The existing legislation requires gambling operators, land-based or online, to be companies registered in the European Economic Area, something that the UK will stop being, and therefore the companies based in the UK (and Gibraltar) most likely will not follow the legal requirements to be a gambling provider.
A possible, or likely, the outcome will be that those companies will have to relocate to a country in the EEA or simply pass their license to a company operating in a country in that region. Similarly, the whole infrastructure of hardware and software has to be moved to an EEA country too.
Not only operators are impacted by this, but also gambling suppliers might have to renegotiate their gaming agreements, as the existing licenses are applied to EEA countries only.
We mention possible outcomes because it’s not excluded just yet that, despite leaving the EU, the UK or only Gibraltar continues to be a part of the EEA, and therefore making all this scenario go away.
It’s an uncertain situation by now, and negotiations are currently underway in order to reach agreements that make possible the continuity of the existing gambling agreements.
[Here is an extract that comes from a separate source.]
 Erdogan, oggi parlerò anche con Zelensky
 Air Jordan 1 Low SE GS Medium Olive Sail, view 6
The gambling sector has a significant contribution to the UK and Gibraltar economy, so it’s important to understand what these changes will bring, and how new legislation can make a good transition.
If we take into consideration that in Gibraltar approximately 25% of the Gross Domestic Product comes from the gambling sector, we realize the economic impact Brexit has on the region.
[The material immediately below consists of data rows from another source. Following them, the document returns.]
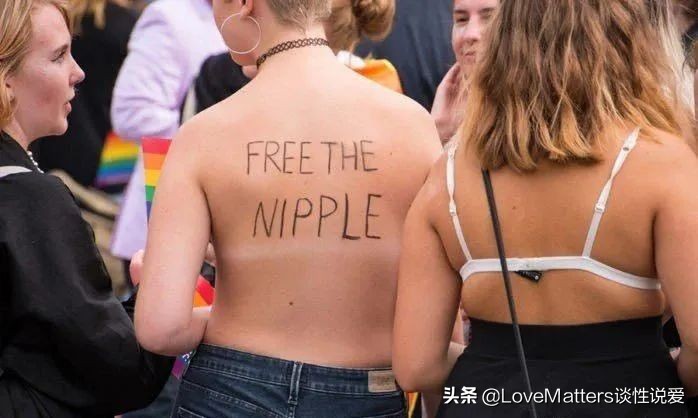 “嘿，你没穿内衣”“关你P事”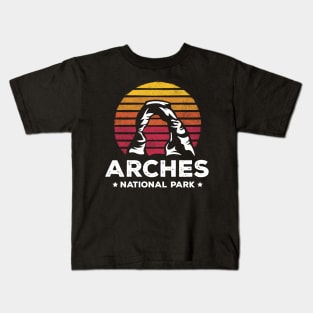 Retro Arches National Park Delicate Arch Utah Gift Kids T-Shirt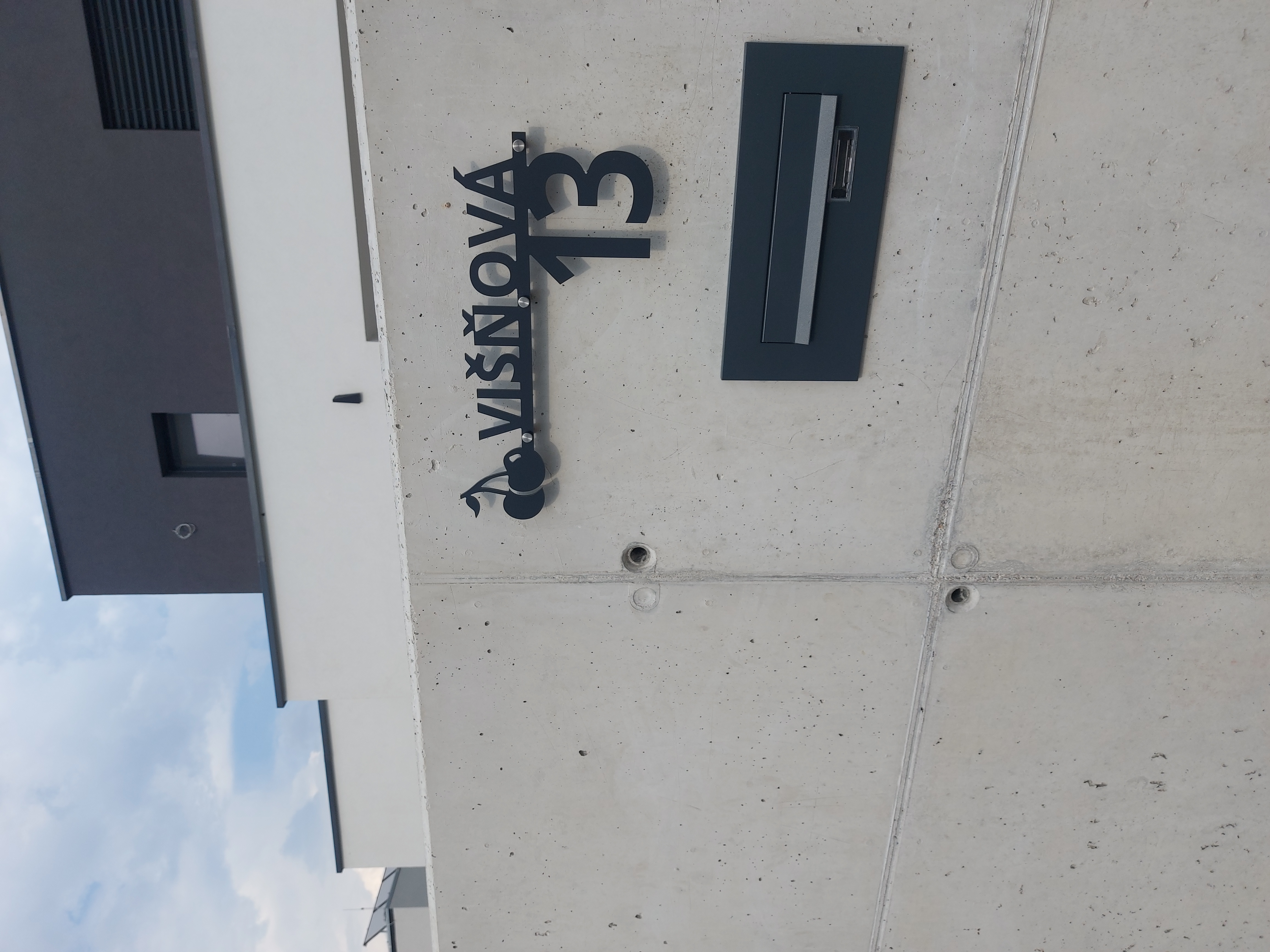 Číslo na dom: Višňová ulica
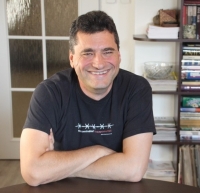 Lukáš Martin během natáčení rozhovoru pro projekt Příběhy našich sousedů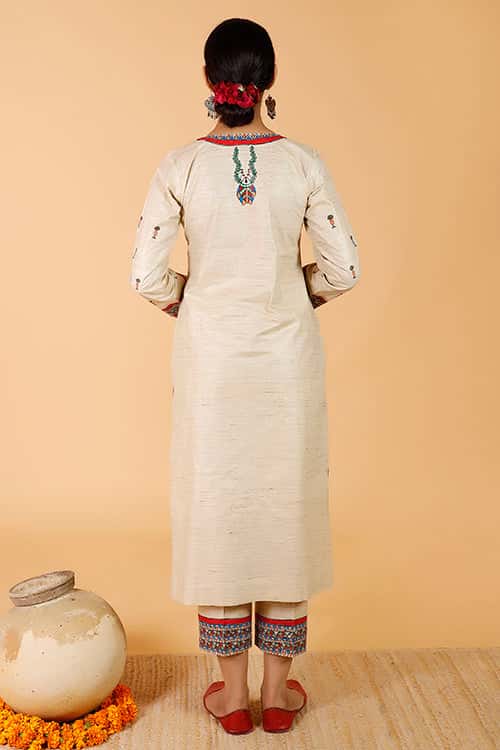 'Tilkor Kamal' Handpainted Madhubani Cotton Kurta — image 9 of 10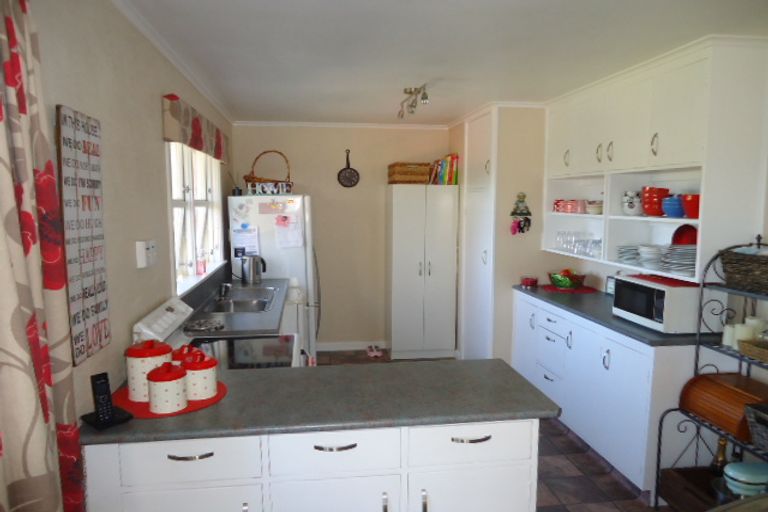 Photo of property in 2 Reid Drive, Putaruru, 3411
Another question concerns the free circulation of people that will also come to an end. In this particular case, most likely the Spanish people working in Gibraltar will benefit from a possible agreement made Spain and the UK made to solve this question.
If the existing gambling legislation is relatively loose in what concerns online gambling, and will therefore not mean a big impact for the area, the registered companies in UK and Gibraltar will most likely lose the rights for their business, as we already mentioned above.
Taxation impact, workers’ rights, online legislation, consumer protections, including gambling addiction, are some aspects that were properly regulated and that with this change are now undefined.
The complete Brexit will only happen in 2019 or later, but meanwhile, it’s important that gambling companies and the countries involved to take action in order to create the conditions for a smooth transition.